WHAT IS NEEDED:
Repeat, please, exactly the lines from the one that has "2016 Opel Insignia" through the end of the records below, with pictures dropped.

DATASET RECORDS:
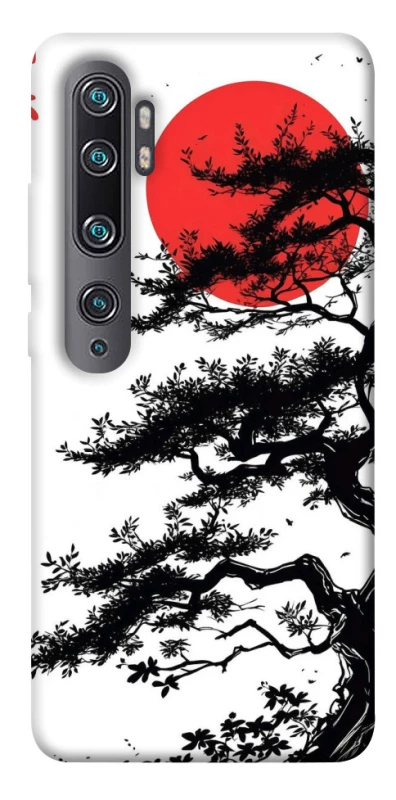 Чохол на Xiaomi Mi Note 10 / Note 10 Pro / Mi CC9 Pro Дух Японії v2 фото 1 з 1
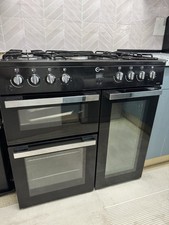 Range Cooker Duel Fuel 90cm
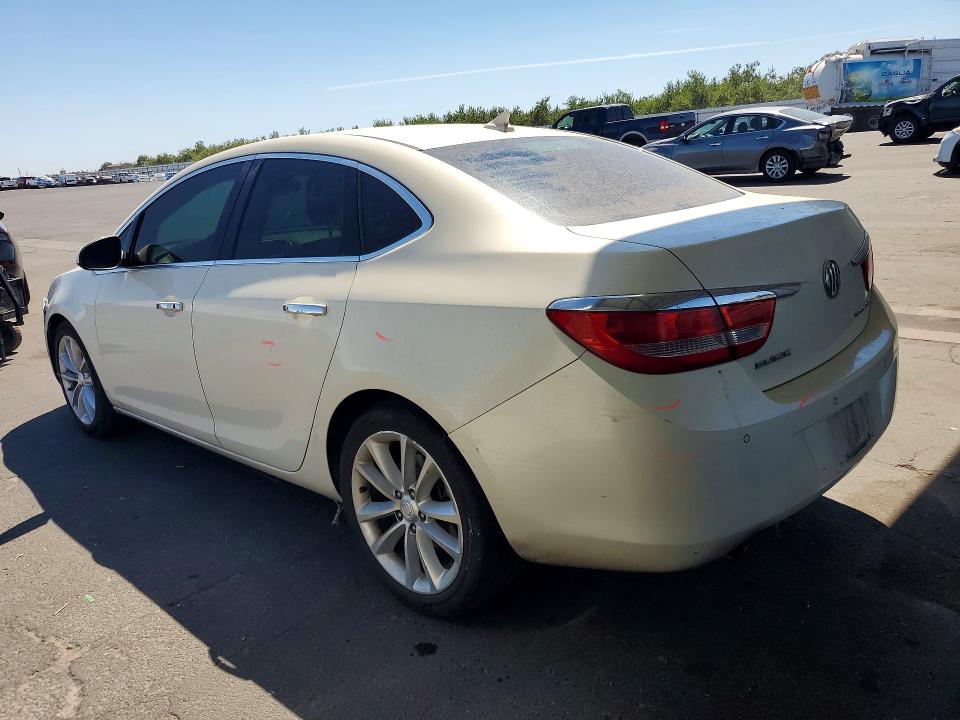Продажа на аукционе авто 2012 Buick Verano, vin: 1G4PS5SK9C4216491, номер лота: 61820836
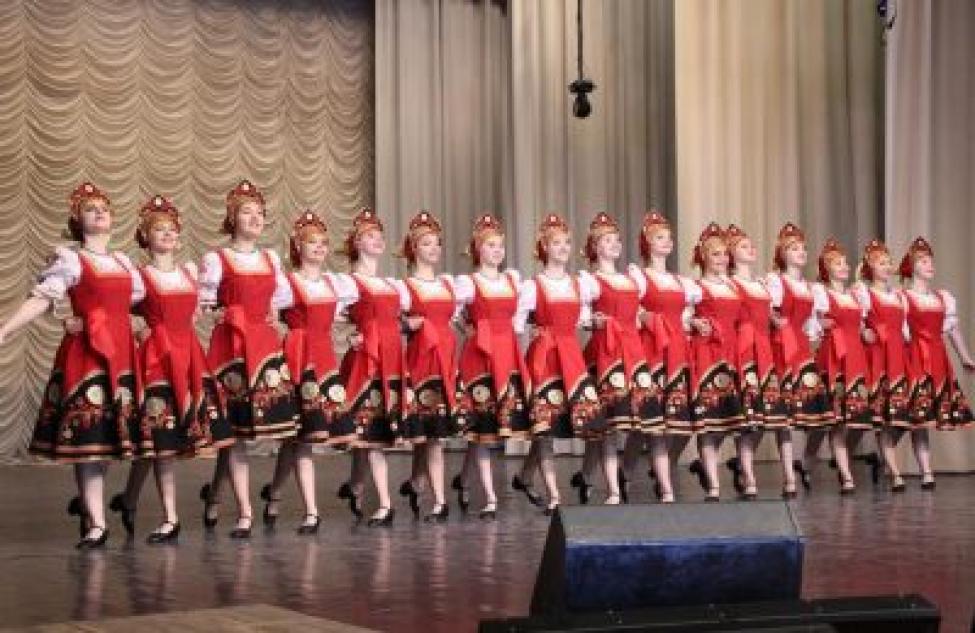 Татарские артисты стали лауреатами фестиваля национального танца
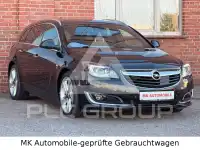 2016 Opel Insignia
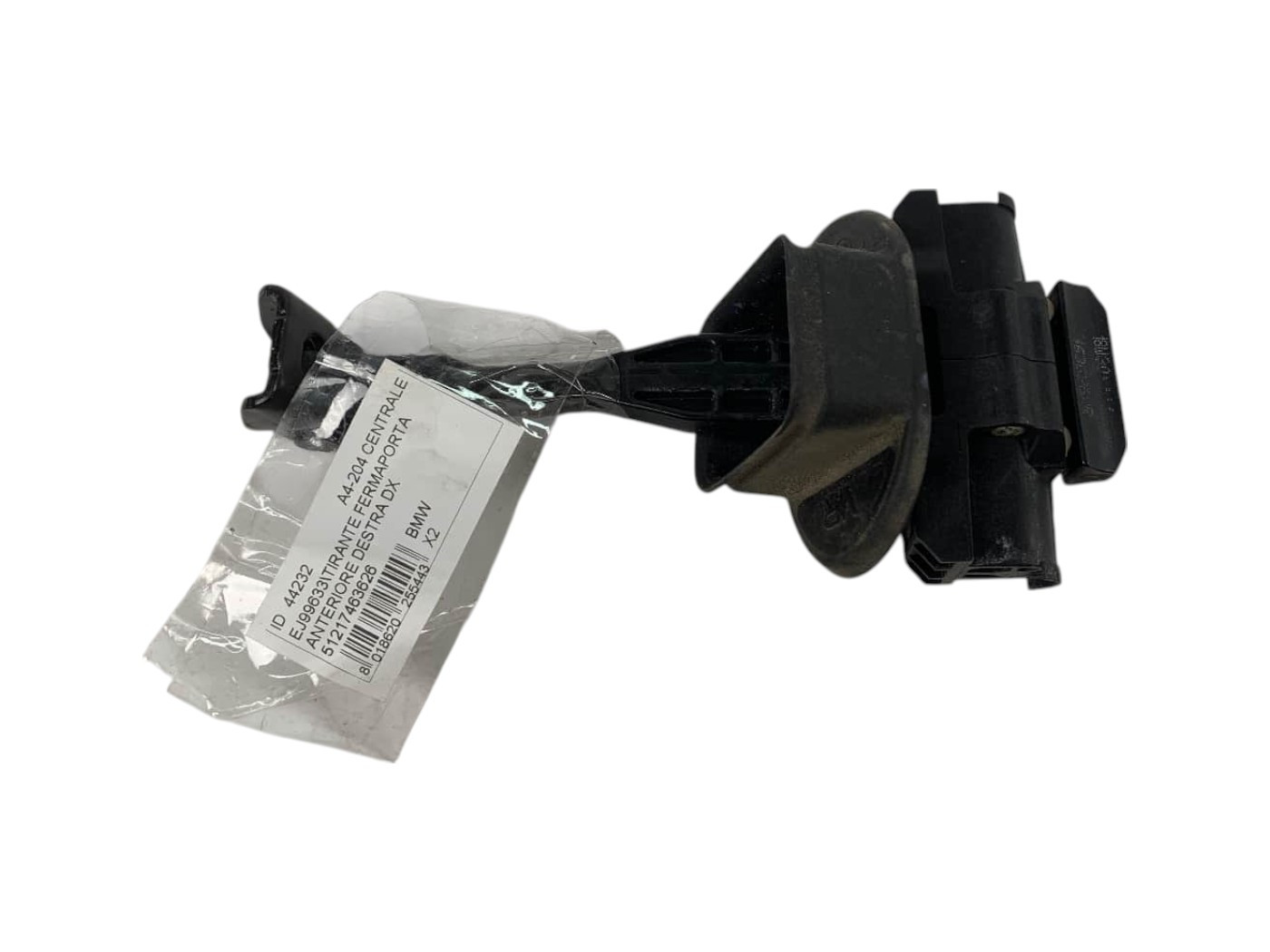 TIRANTE FERMO PORTA ANT. DX BMW X2 F39 51217463626 (18>)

TASK SOLUTION:
 2016 Opel Insignia
 TIRANTE FERMO PORTA ANT. DX BMW X2 F39 51217463626 (18>)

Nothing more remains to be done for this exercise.